### Description of the task
In the data below, find each line containing the string "illustration" and return it.

### Records shown

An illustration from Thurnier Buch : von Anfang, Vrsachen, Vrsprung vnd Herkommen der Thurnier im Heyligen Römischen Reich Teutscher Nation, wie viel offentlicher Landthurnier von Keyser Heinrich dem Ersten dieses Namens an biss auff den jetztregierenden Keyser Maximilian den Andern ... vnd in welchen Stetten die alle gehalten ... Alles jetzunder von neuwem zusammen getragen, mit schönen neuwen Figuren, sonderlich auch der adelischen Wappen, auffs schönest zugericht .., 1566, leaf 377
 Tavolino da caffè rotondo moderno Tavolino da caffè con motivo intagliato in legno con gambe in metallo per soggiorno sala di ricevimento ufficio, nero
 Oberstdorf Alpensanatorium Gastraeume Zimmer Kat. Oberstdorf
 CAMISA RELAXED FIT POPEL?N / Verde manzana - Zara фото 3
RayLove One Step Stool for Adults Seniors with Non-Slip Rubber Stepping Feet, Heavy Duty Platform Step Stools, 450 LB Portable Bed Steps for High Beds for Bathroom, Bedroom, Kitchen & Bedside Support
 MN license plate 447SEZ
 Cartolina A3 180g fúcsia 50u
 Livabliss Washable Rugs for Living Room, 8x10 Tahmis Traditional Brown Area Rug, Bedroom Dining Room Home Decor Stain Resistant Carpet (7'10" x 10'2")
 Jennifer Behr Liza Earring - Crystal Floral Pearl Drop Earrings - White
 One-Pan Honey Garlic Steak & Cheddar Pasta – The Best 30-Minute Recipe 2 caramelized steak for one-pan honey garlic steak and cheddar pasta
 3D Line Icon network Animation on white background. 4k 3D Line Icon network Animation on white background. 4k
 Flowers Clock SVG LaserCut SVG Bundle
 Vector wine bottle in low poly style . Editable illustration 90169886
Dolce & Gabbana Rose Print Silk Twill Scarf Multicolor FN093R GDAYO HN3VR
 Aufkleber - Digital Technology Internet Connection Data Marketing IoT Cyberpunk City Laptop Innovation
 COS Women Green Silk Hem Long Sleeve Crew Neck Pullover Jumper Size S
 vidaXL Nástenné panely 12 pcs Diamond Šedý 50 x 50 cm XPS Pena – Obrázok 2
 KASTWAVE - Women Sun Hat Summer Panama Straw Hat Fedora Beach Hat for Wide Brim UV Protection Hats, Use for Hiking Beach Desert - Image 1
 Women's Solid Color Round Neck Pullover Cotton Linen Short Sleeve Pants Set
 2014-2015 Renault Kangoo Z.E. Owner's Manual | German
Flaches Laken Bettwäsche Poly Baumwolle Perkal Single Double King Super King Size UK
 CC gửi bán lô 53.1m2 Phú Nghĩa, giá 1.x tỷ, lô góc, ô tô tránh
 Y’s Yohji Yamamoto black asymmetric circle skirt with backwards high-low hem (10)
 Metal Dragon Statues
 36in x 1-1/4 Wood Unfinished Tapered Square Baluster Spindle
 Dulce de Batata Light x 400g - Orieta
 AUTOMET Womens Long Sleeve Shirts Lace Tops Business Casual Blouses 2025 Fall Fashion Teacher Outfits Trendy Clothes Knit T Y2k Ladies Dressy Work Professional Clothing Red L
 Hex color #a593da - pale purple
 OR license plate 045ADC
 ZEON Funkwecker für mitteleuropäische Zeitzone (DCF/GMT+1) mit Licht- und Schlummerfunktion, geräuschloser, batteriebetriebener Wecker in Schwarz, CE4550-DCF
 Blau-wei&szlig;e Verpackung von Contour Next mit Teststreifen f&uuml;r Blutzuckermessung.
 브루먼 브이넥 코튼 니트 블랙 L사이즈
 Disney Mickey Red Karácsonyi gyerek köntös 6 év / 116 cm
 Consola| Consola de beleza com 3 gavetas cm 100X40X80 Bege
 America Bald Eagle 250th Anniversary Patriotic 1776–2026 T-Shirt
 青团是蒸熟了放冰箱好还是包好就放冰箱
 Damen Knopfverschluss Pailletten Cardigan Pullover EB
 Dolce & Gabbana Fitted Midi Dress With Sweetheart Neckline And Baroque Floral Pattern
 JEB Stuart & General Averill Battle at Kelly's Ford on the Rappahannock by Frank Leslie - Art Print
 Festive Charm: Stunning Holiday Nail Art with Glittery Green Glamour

### Exercise result
An illustration from Thurnier Buch : von Anfang, Vrsachen, Vrsprung vnd Herkommen der Thurnier im Heyligen Römischen Reich Teutscher Nation, wie viel offentlicher Landthurnier von Keyser Heinrich dem Ersten dieses Namens an biss auff den jetztregierenden Keyser Maximilian den Andern ... vnd in welchen Stetten die alle gehalten ... Alles jetzunder von neuwem zusammen getragen, mit schönen neuwen Figuren, sonderlich auch der adelischen Wappen, auffs schönest zugericht .., 1566, leaf 377
 Vector wine bottle in low poly style . Editable illustration 90169886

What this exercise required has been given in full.